Records from a data collection:
++++++++++
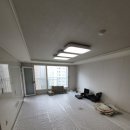 초이동입구 - 61항공단 앞 | 위례 창곡동 인테리어 리모델링, 위례자연앤래미안e편한세상아파트 현장 스케치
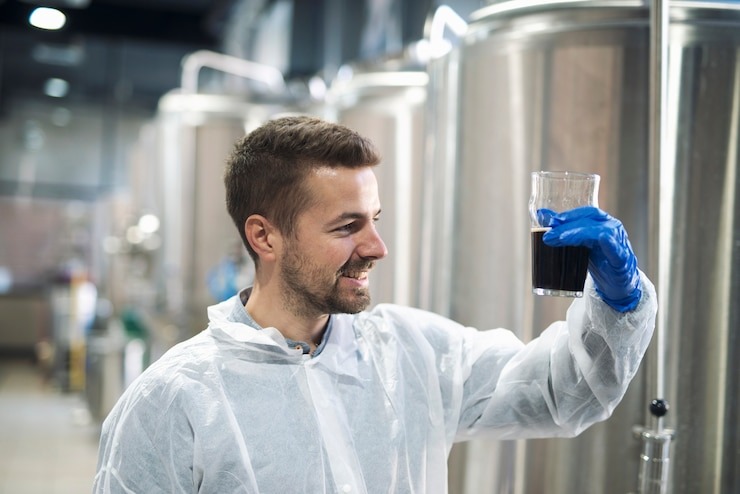 Guide to Setting Up a Methionine Manufacturing Plant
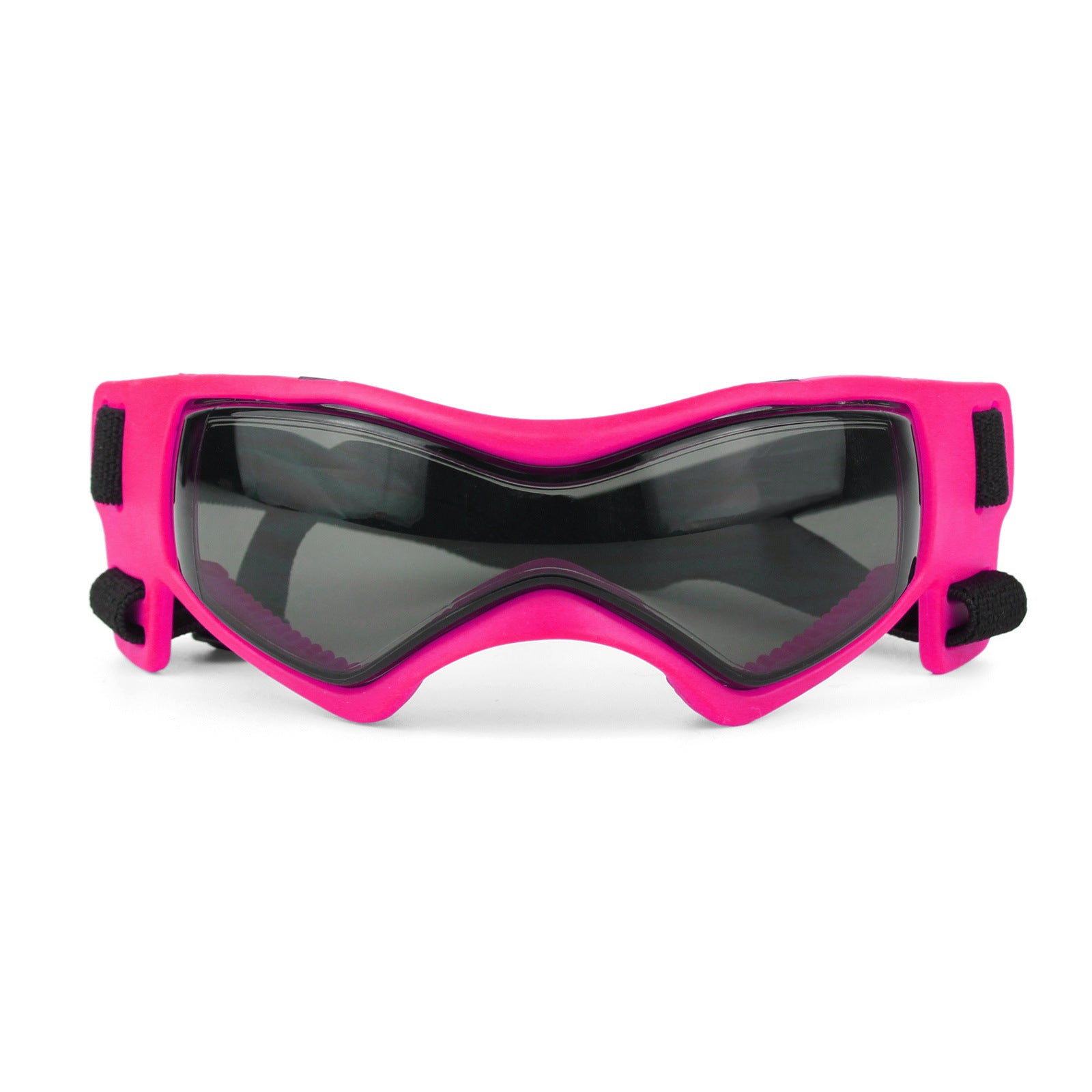 BrightEyes – UV Goggles for Pets on the Go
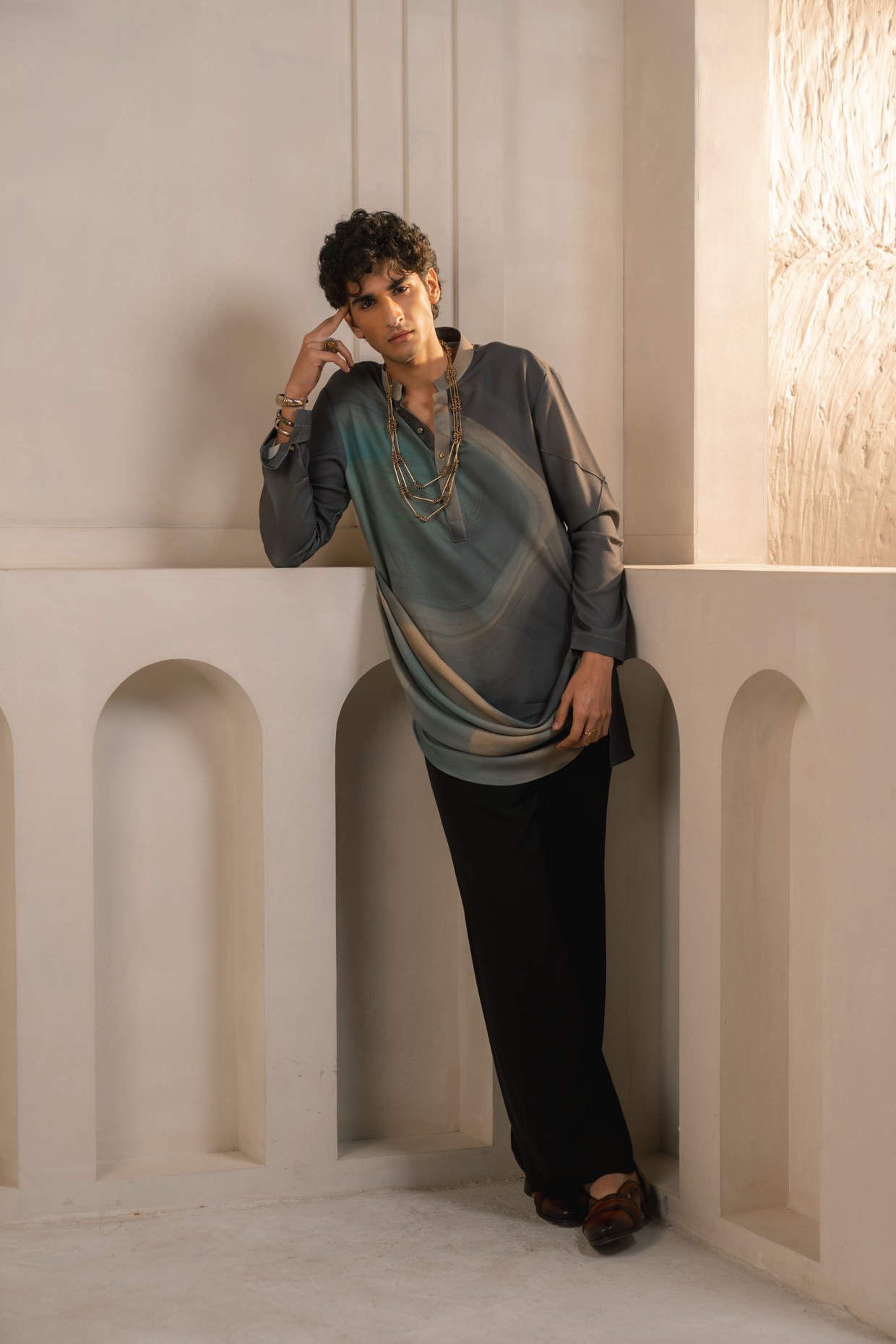 ECLIPSE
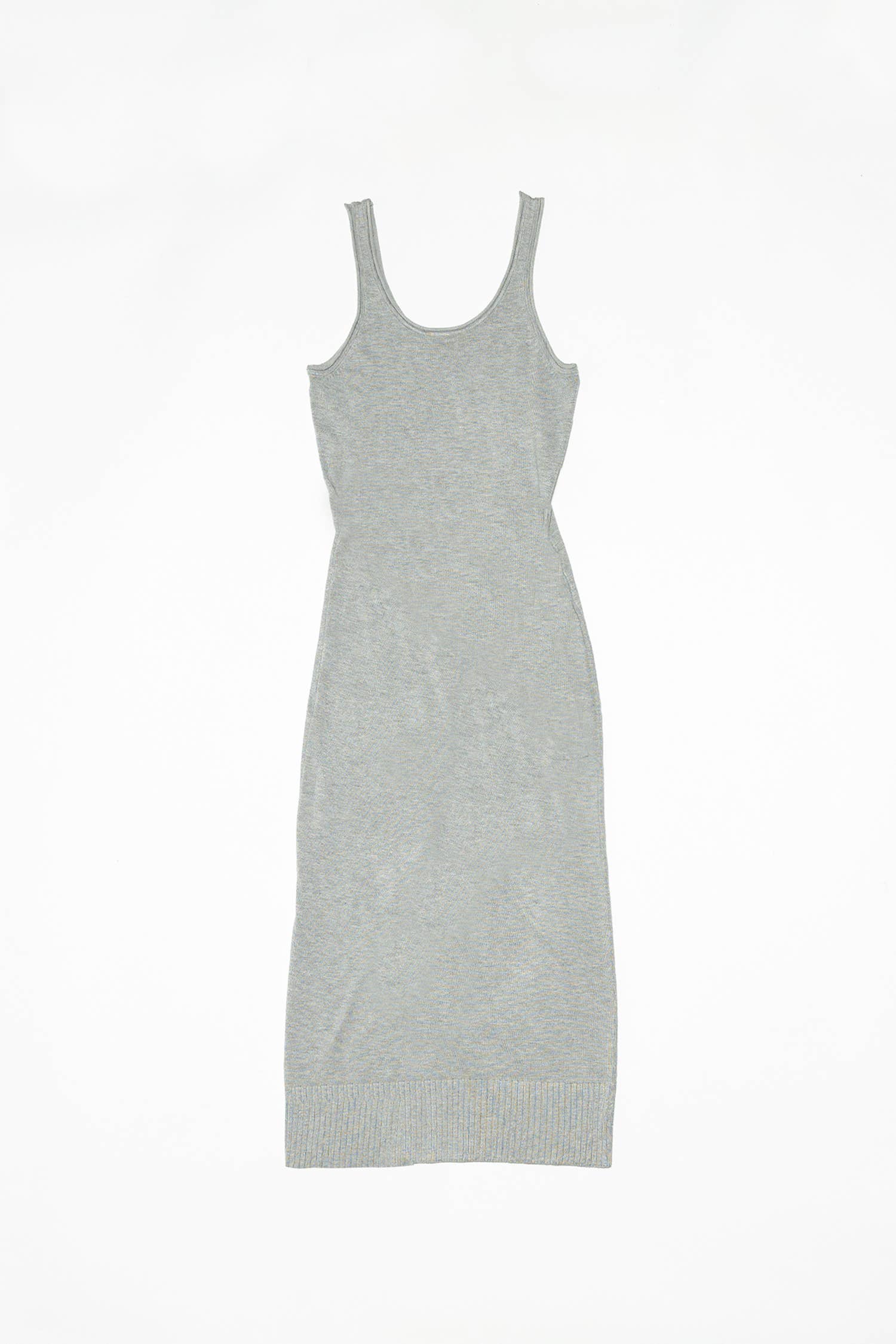 MOD REF - Vente Robe – femme - La robe Amelia5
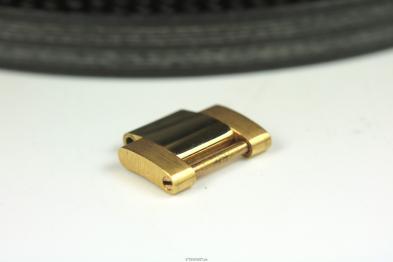 Rolex 16528 link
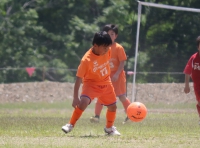 IMG_3420_R_R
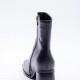 Botas Jessie negro Botas Jessie negro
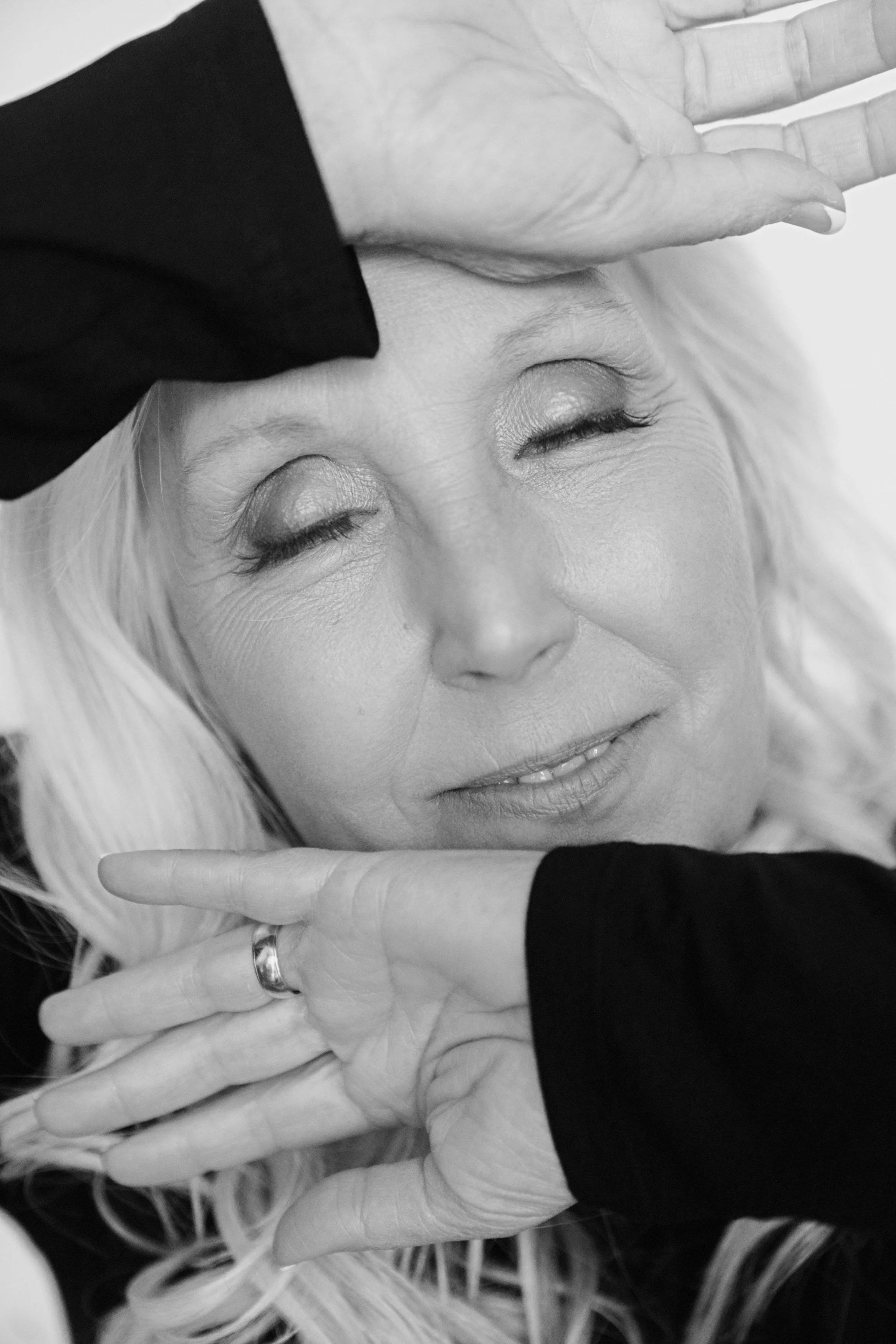 nashville-editorial-photographer.jpg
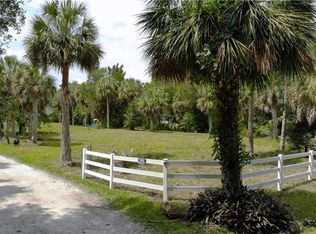 2274 S Dana Point, Homosassa, FL 34448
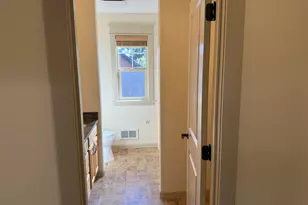 1610 38th Loop, Florence, OR 97439 - Photo 30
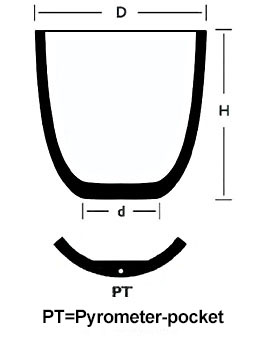 1789455726827961.jpg GU型.jpg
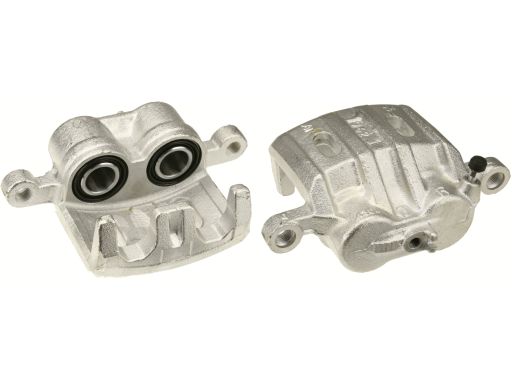 Bht192E Zacisk Hamulcowy Trw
++++++++++
EXERCISE GOAL
Output the data above exactly. Drop every picture.

SOLVED EXERCISE
 초이동입구 - 61항공단 앞 | 위례 창곡동 인테리어 리모델링, 위례자연앤래미안e편한세상아파트 현장 스케치
 Guide to Setting Up a Methionine Manufacturing Plant
 BrightEyes – UV Goggles for Pets on the Go
 ECLIPSE
 MOD REF - Vente Robe – femme - La robe Amelia5
 Rolex 16528 link
 IMG_3420_R_R
 Botas Jessie negro Botas Jessie negro
 nashville-editorial-photographer.jpg
 2274 S Dana Point, Homosassa, FL 34448
 1610 38th Loop, Florence, OR 97439 - Photo 30
 1789455726827961.jpg GU型.jpg
 Bht192E Zacisk Hamulcowy Trw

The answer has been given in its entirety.